If the safeguards are there against misuse, whether that is enough? How to cope up to the situation, should one
is beset with matrimonial issues?
In this
backdrop, the hon’ble Supreme Court had to deal with a situation in a matter
reported as ARNESH KUMAR VERSUS STATE OF
BIHAR & ANR, CRIMINAL APPEAL NO. 1277
OF 2014
The hon’ble Supreme
Court has observed:
“ There is phenomenal increase in matrimonial disputes in
recent years. The institution of marriage is greatly revered in this
country. Section 498-A of
the IPC was introduced with avowed object to combat the menace of harassment to
a woman at the hands of her husband and his relatives. The fact that Section
498-a is a cognizable and non-bailable offence has lent it a dubious place
of pride amongst the provisions that are used as weapons rather than shield by
disgruntled wives. The simplest way to harass is to get the husband and his
relatives arrested under this provision. In a quite number of cases, bed-ridden
grand-fathers and grand-mothers of the husbands, their sisters living abroad
for decades are arrested. “Crime in India 2012 Statistics” published by
National Crime Records Bureau, Ministry of Home Affairs shows arrest of
1,97,762 persons all over India during the year 2012 for offence under Section
498-A of the IPC, 9.4% more than the year 2011. Nearly a quarter of those
arrested under this provision in 2012 were women i.e. 47,951 which depicts that
mothers and sisters of the husbands were liberally included in their arrest
net. Its share is 6% out of the total persons arrested under the crimes
committed under Indian Penal Code. It accounts for 4.5% of total crimes committed
under different sections of penal code, more than any other crimes excepting
theft and hurt. The rate of charge-sheeting in cases under Section 498-a
IPC is as high as 93.6%, while the conviction rate is only 15%, which is lowest
across all heads. As many as 3,72,706 cases are pending trial of which on
current estimate, nearly 3,17,000 are likely to result in acquittal”
The aforesaid data is
alarming and thus the hon’ble Supreme court had indulged in it. The hon’ble Supreme Court had observed that if
the provisions of Section 41 of Cr.P.C which authorises the police officer
to arrest an accused without an order from a Magistrate and without a warrant
are scrupulously enforced, the wrong committed by the police officers
intentionally or unwittingly would be reversed and the number of cases which
come to the Court for grant of anticipatory bail will substantially reduce. It
was further observed by the Supreme Court that the practice of mechanically
reproducing in the case diary all or most of the reasons contained in Section
41 of Cr.P.C for effecting arrest be discouraged and discontinued.

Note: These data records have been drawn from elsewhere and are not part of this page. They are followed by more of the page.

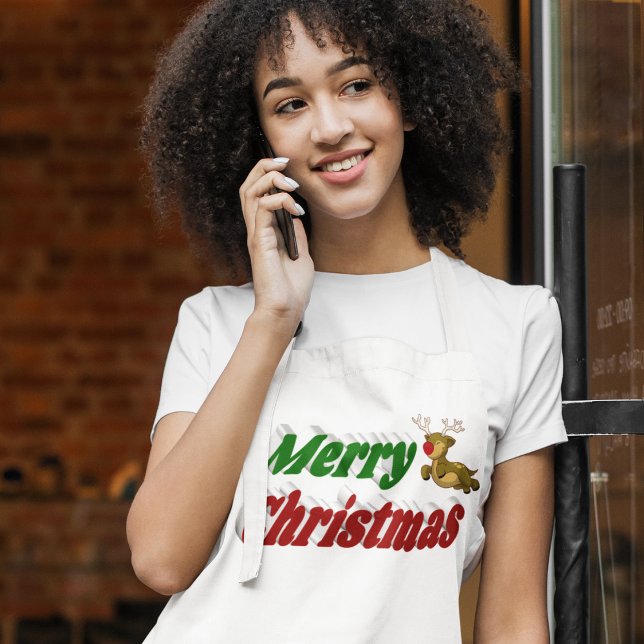 Glad jul flygande renar typografi långt förkläde (Skapare uppladdad)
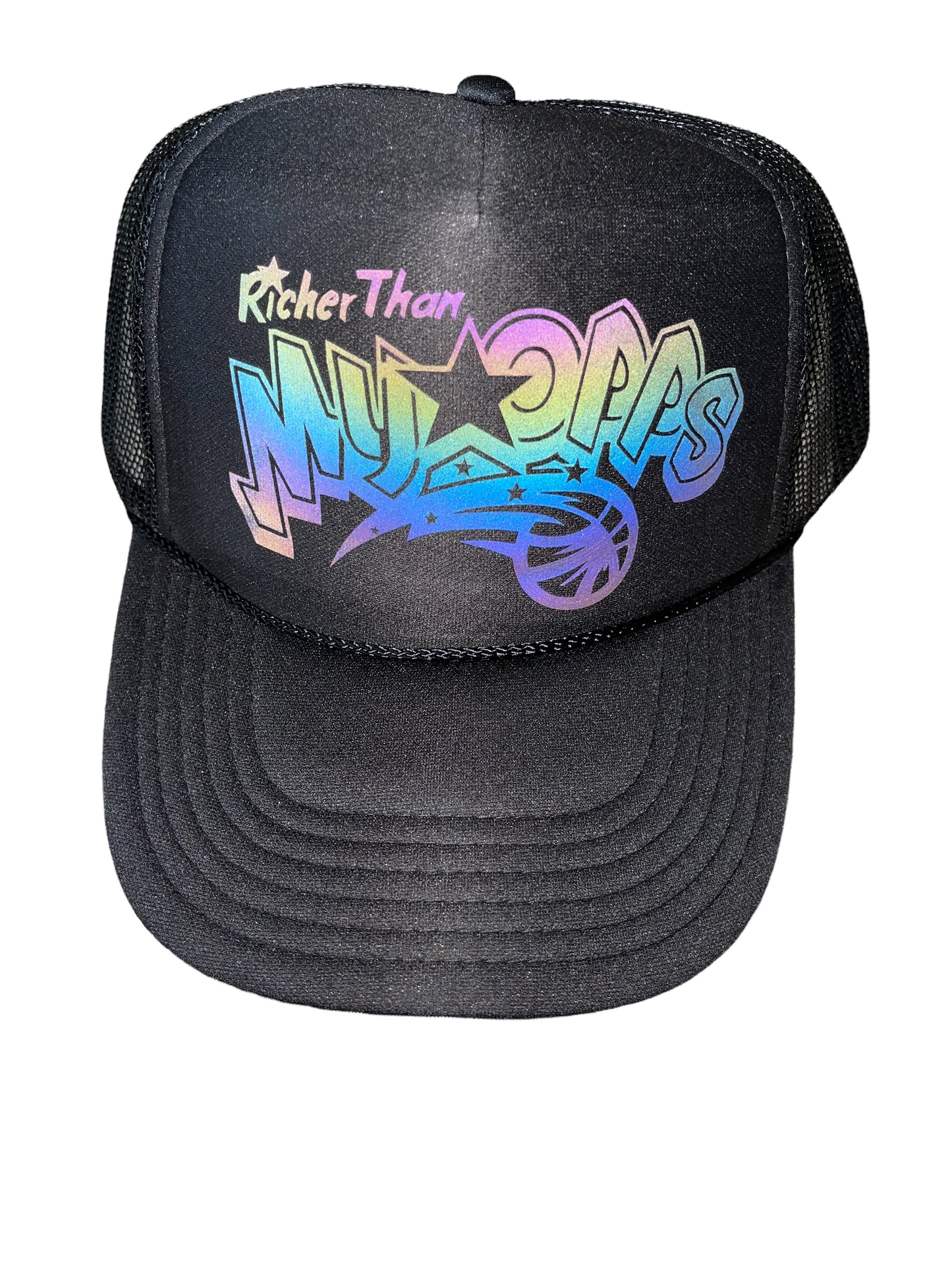 Black RTMO Trucker with Rainbow Reflective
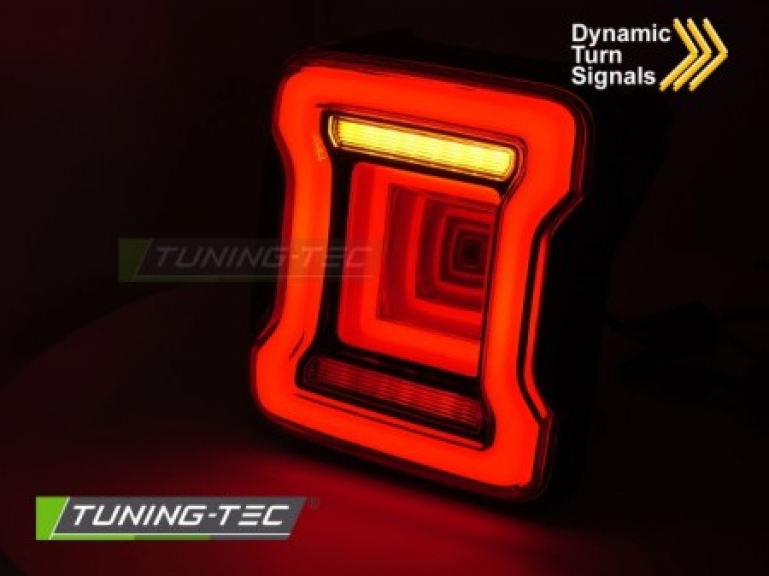 VOLL LED Lightbar Design Rückleuchten Set für Chrysler Jeep Wrangler JL 18-23 schwarz/rauch mit dyn. Blinker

Directions passed by hon’ble Supreme Court:
(i)
All the State Governments to instruct its police officers not to
automatically arrest when a case under Section 498-A of the IPC is
registered but to satisfy themselves about the necessity for arrest under the
parameters laid down above flowing from Section41 Cr.P.C;
(ii)
All police officers be provided with a check list containing
specified sub- clauses under Section 41 (1) (b) (ii));
(iii)
The police officer shall forward the check list duly filed and
furnish the reasons and materials which necessitated the arrest, while
forwarding/producing the accused before the Magistrate for further detention;
(iv)
The Magistrate while authorising detention of the accused shall
peruse the report furnished by the police officer in terms aforesaid and only
after recording its satisfaction, the Magistrate will authorise detention;
(v)
The decision not to arrest an accused, be forwarded to the
Magistrate within two weeks from the date of the institution of the case with a
copy to the Magistrate which may be extended by the Superintendent of police of
the district for the reasons to be recorded in writing;
(vi)
Notice of appearance in terms of Section 41 A of Cr.PC
be served on the accused within two weeks from the date of institution of the
case, which may be extended by the Superintendent of Police of the District for
the reasons to be recorded in writing;
(vii)
Failure to comply with the directions aforesaid shall apart from
rendering the police officers concerned liable for departmental action, they
shall also be liable to be punished for contempt of court to be instituted
before High Court having territorial jurisdiction.
(viii)
Authorising detention without recording reasons as aforesaid by
the judicial Magistrate concerned shall be liable for departmental action by
the appropriate High Court.
The
hon’ble Supreme Court made it clear that directions aforesaid shall not only
apply to the cases under Section 498-A of the I.P.C. or Section 4 of
the Dowry Prohibition Act, but also such cases where offence is punishable with
imprisonment for a term which may be less than seven years or which may extend
to seven years; whether with or without fine.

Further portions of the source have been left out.